Mehmet Yılmaz

Gisdol'un Tekzibi

Mehmet Yılmaz

 

Bu yazıyı maçın özetini seyrettikten sonra yazdığımı özellikle belirtmek isterim. Şöyle ki, biz haftalardır ne özet seyrediyor ne de puan durumuna bakıyorduk. Ancak, çok şükür, sonunda gelen galibiyet özet seyrettirdi?

Tekzip, dilimize Arapçadan girmiş bir kelime olarak hukukta ve basında kullanılıyor. Kelimenin Türkçe karşılığı olarak "yalanlama" ya da "düzeltme" ifadelerini kullanabiliriz. Evet, Hatayspor galibiyetini Samsunspor'un dönüşü diye okuyabilirsek de, bence Gisdol'un kendi kendini tekzip etmesiydi bir bakıma.

Gisdol'a umut ve sempati beslediğimiz bir gerçek. Almanya'da üç takımda yaptığı işi bizde de yapacağına dair inanç taşıdık. Gelgelelim, Başakşehir neyse de Ankaragücü maçı, bu umutlarımızı bir parça da olsa eksiltmişti. Bu nedenle, Hatayspor maçına çıkartacağı kadro önemliydi. Ancak yine yanlış tercihler yaptı. Hücum üretkenliği çok az olan ortada Marius ve kanatlarda Emre Kılınç, Holse dizilişiyle başladı yine. Elbette bir şey çıkmadı bundan. Yine, esas mevkii altı numara olan Tırpan'ı sağ bekte oynattı ve istediği performansı alamadı. Keza Marius kötü oynadığı gibi, ilk devredeki bencilliğiyle tribünün tepkisini de topladı. Esasında bunlar sürpriz değildi. Bence oyunda kaldığı süreçte en iyi performansı sergileyen isim ise Muhammet oldu.

Özetle, Gisdol aynı şeyleri deneyerek farklı bir sonuç alabileceğini sandı. Ne zamanki başlaması gerektiği tertibe döndü, yani Laura'yı kanada alıp, Holse'yi daha geriye ve merkeze çekti. Kötü oynasa da esas mevkii sağ bek olan Schindler'i içeri attı. Tabii bir de kabul edelim, etmeyelim, eldeki en etkili hücum silahı olan Fofana'dan faydalanmayı akıl etti, işte o vakit işler değişti. Böylece takım üretmeye çalıştı ama daha önemlisi mücadele gücünü artırdı.
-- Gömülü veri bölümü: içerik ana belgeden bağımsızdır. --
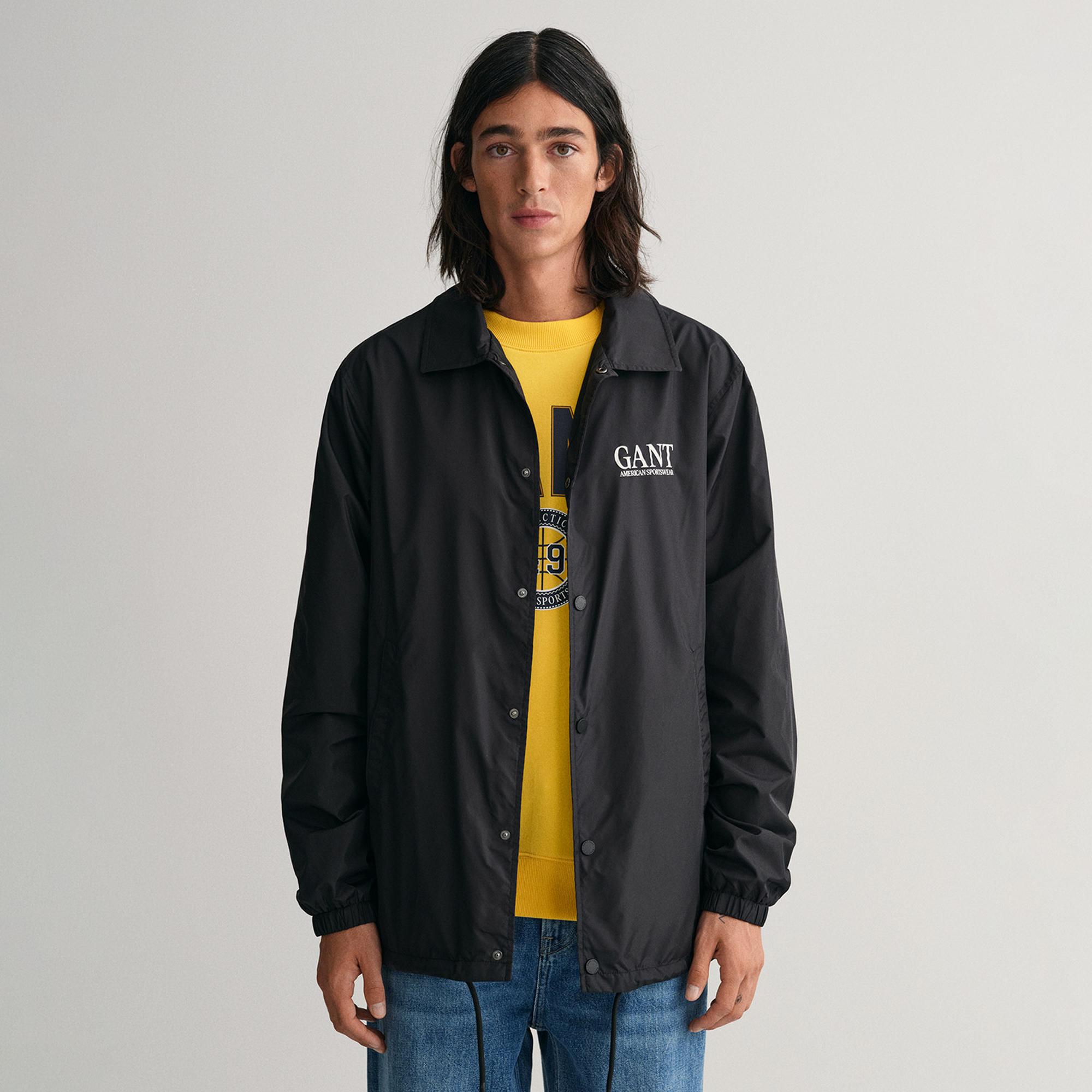 GANT Erkek Siyah Relaxed Fit Logolu Ceket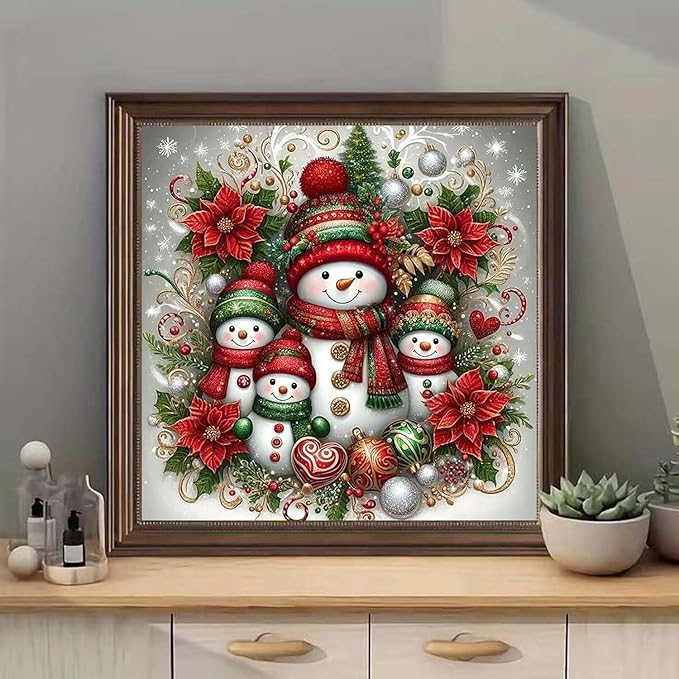 Christmas Diamond Art Kits for Adults, Snowman Family Diamond Painting Kits for Beginners, 5D Full Drill Gem Art Paint with Diamonds Dots Crafts Kits for Home Decor Gift 14x14inch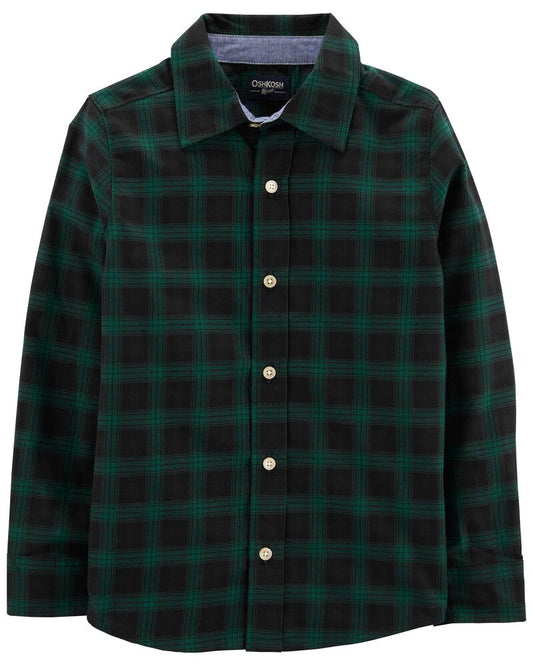 Camisa verde cuadros Oshkosh niño  formal 2 a 12 años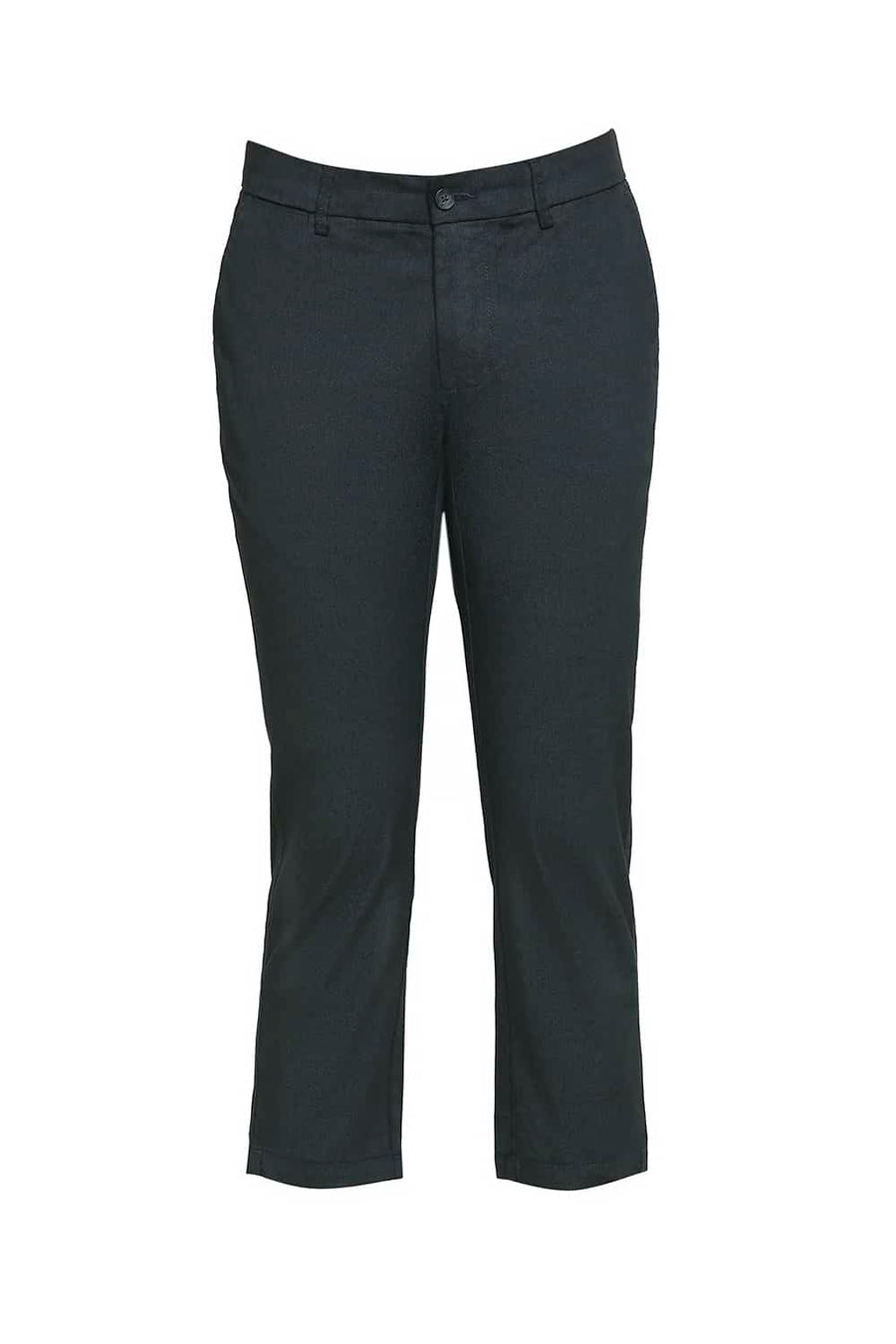 BASICS TAPERED FIT DARK SHADOW GREY SATIN STRETCH TROUSERS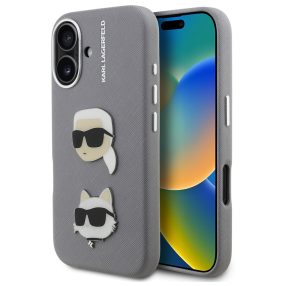   Karl Lagerfeld Grained PU K&CH Heads iPhone 16 hátlap tok, szürke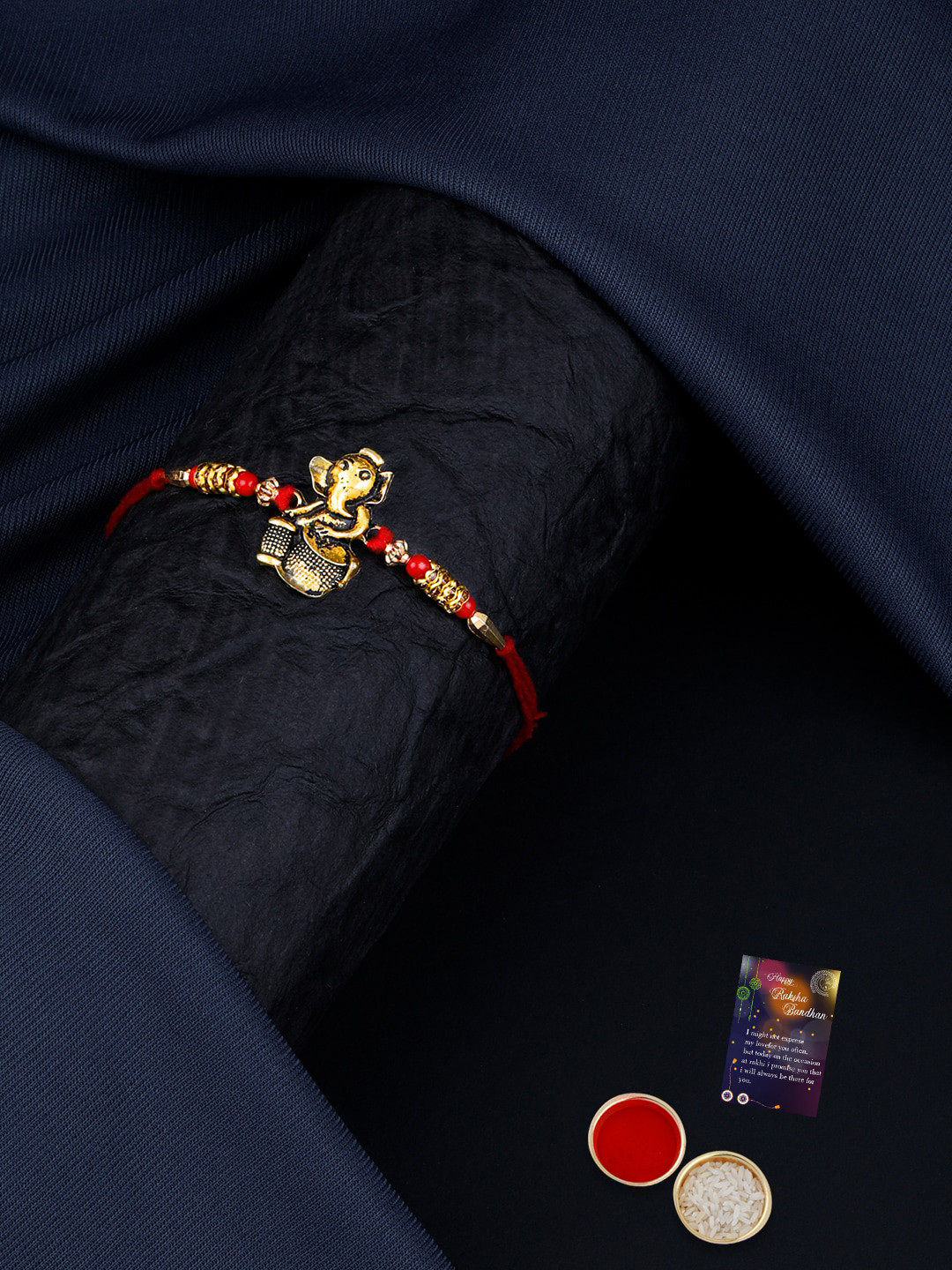 

Silver Shine Red & Gold Toned 1 Rakhi With Roli Chawal Greeting Card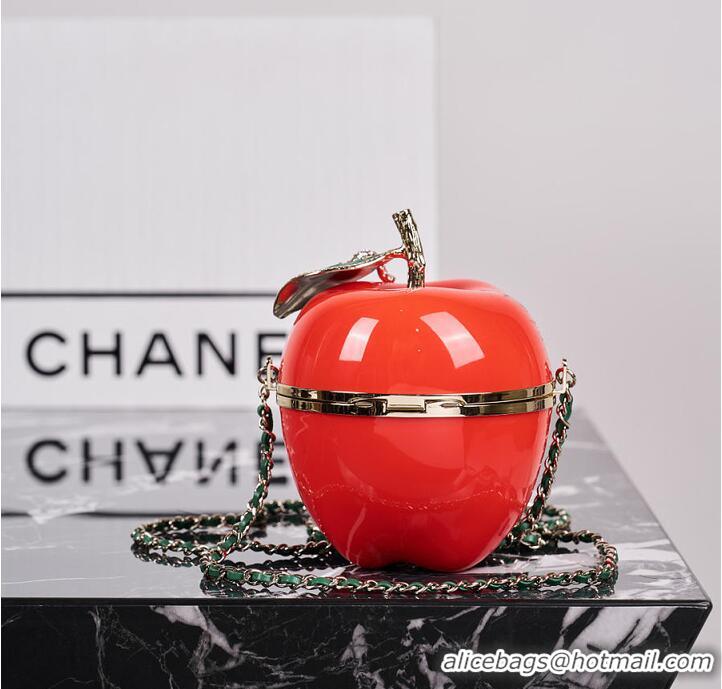 Buy Cheap Chanel Métiers d'art Apple Minaudiere Laquered Metal With Enamel AS4659 Red/Green/Gold 2026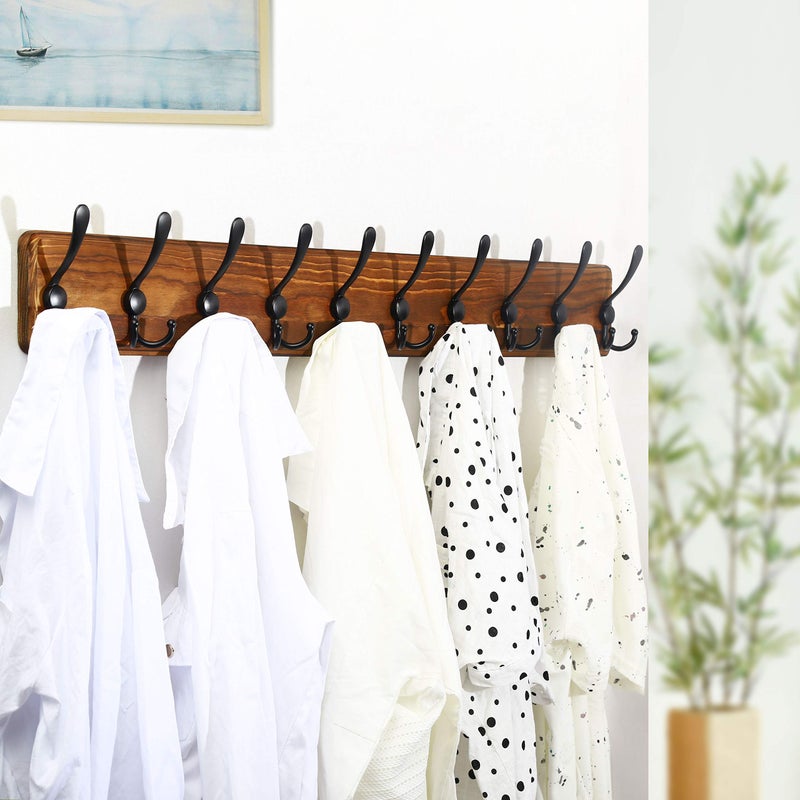 WEBI Coat Rack Wall Mount,38 9/16" Long,10 Tri Hooks for Hanging Coats,16" Hole to Hole,Wood Coat Hooks Wall Mounted,Wall Coat Hanger for Clothes,Jacket,Hats,Rustic Black,2 Packs - Image 5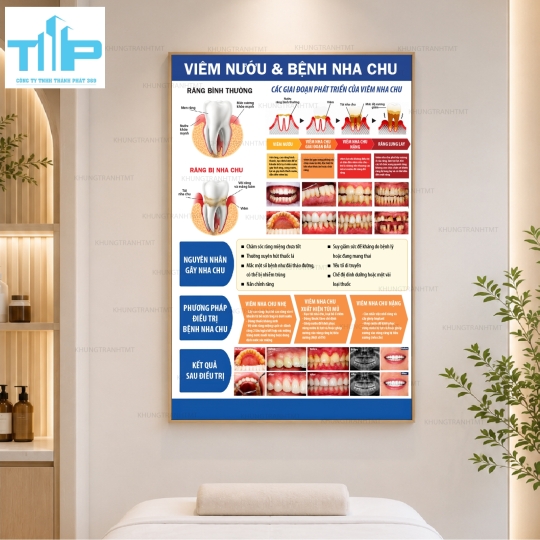 Tranh Tráng Gương Phòng Khám Nha Khoa – Bộ Tranh Kiến Thức Răng Miệng Cao Cấp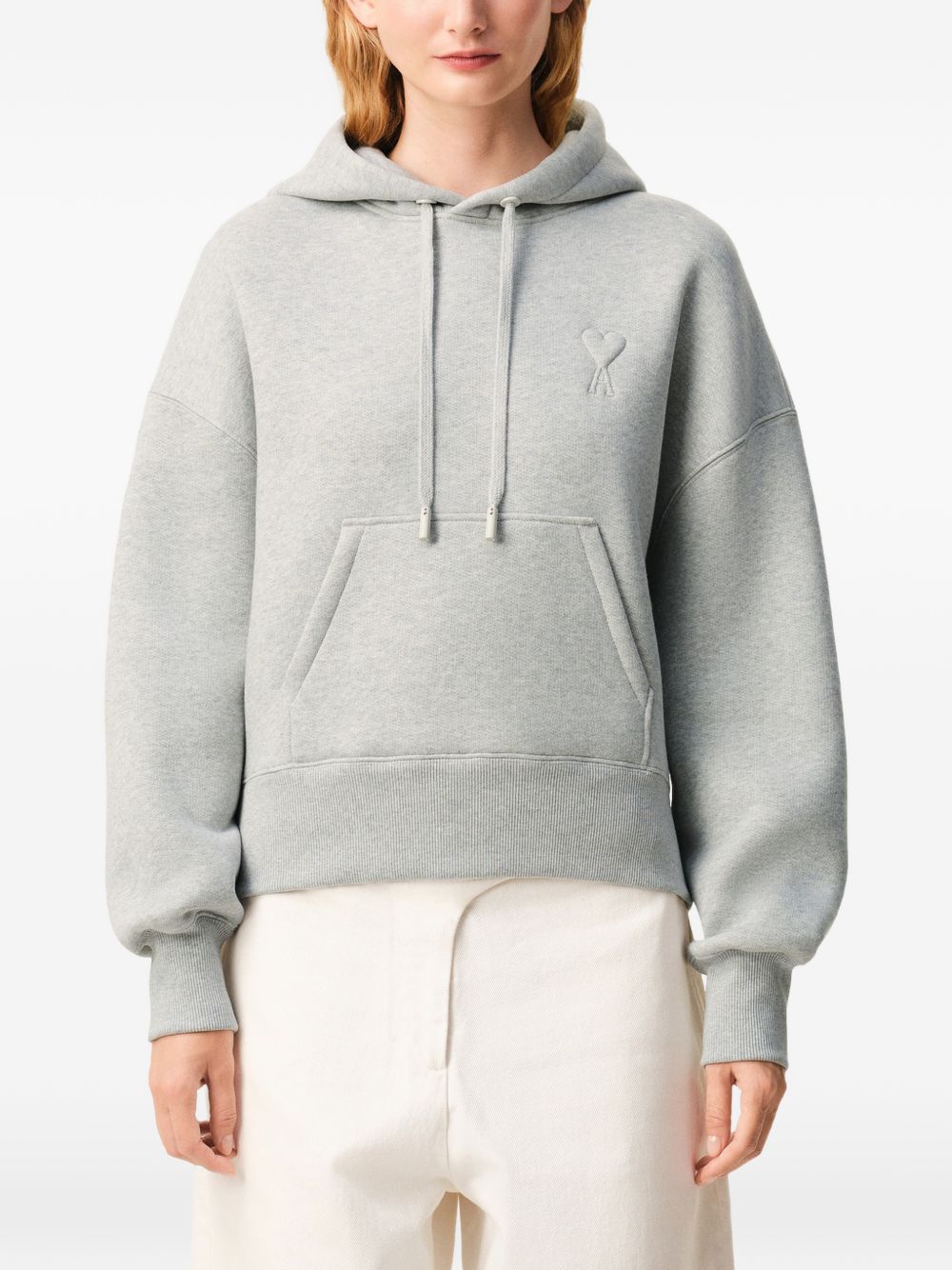 Ami Paris Ami de Coeur Grijze Katoenen Fleece Hoodie Topwear Ami Paris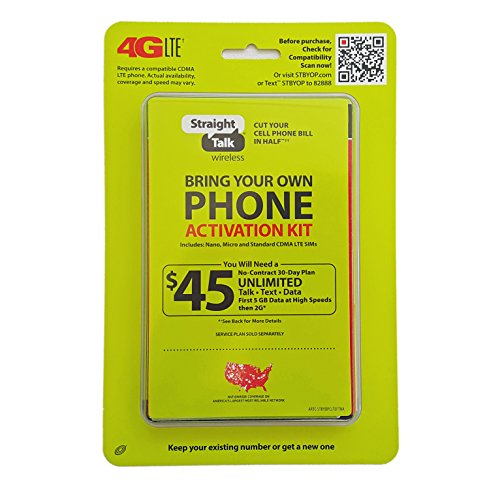 Straight Talk Verizon 4G LTE Compatible Mini/Micro SIM Card. Fits most Verizon LTE including Galaxy S3,S4,S5, Note 2,3,4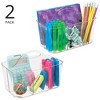 mDesign Small Plastic Caddy Tote for Desktop Office Supplies, 2 Pack, Clear - 2 of 4
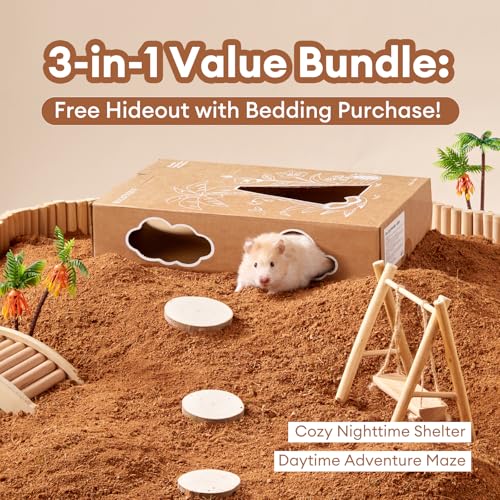 BUCATSTATE 5L Natural Coco Fiber Hamster Bedding | Soft Natural Coco Fiber Substrate for Small Pets & Dwarf Syrian Hamsters, Gerbils, Mice, Low-dust Hamster Hamsters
Eğer biz bu maçı 3-0 falan kazansaydık, inanın bu kadar etkili ve coşkulu olmazdı. Çünkü geriden gelmek ve üstelik 90+9'da gelen golle kazanmak, bu maçı hikayesi olan bir maça çevirirken, hem taraftarlarda hem de profesyonellerde büyük bir duygu patlamasına sebep oldu. Aradığımız galibiyete bu maçla birlikte ulaşmış olduk ve sadece üç puanı elde etmeyip, makus gidişatımızı da değiştirdik.

Bu anlamda Gisdol'un takımını daha iyi tanıması gerektiğini düşünüyorum. Başlangıç tertibi ne kadar hatalıysa, sonrasındaki dokunuşları da o kadar doğruydu. Maçı kulübeden gelenler çevirdi. Laura penaltı kazandırdı, Ercan attı. Fofana gol pasını verdi, Schindler kendisini de sevinç gözyaşlarına boğan golü attı.

Bu galibiyetin anlamlı olabilmesi için Çarşamba akşamı İstanbulspor'u da yenmemiz gerekiyor. Taraftar desteğiyle ve kazanılan moralle birlikte bunu yapacağımıza inanıyorum.

Son sözlerim ise Hatayspor için olsun. Şubat ayındaki depremlerin yüreğimizi yakışı kelimelere sığmaz bir acıydı. Bu minvalde Hatay şehri zaten tarihi değerinin yanında bir de depremzede kent olarak gönül köşkümüze kuruldu. Hatayspor da bu ligin sempati şampiyonu olarak kabul ediliyor. Fakat Hatayspor forması giyen oyuncuların çoğu için az önce saydığım duyguların tam tersini hissettik. Futbolu çirkinleştirmek için bir sürü şey yaptılar ki, onlara tek şey söylemek isterim: yapmayın!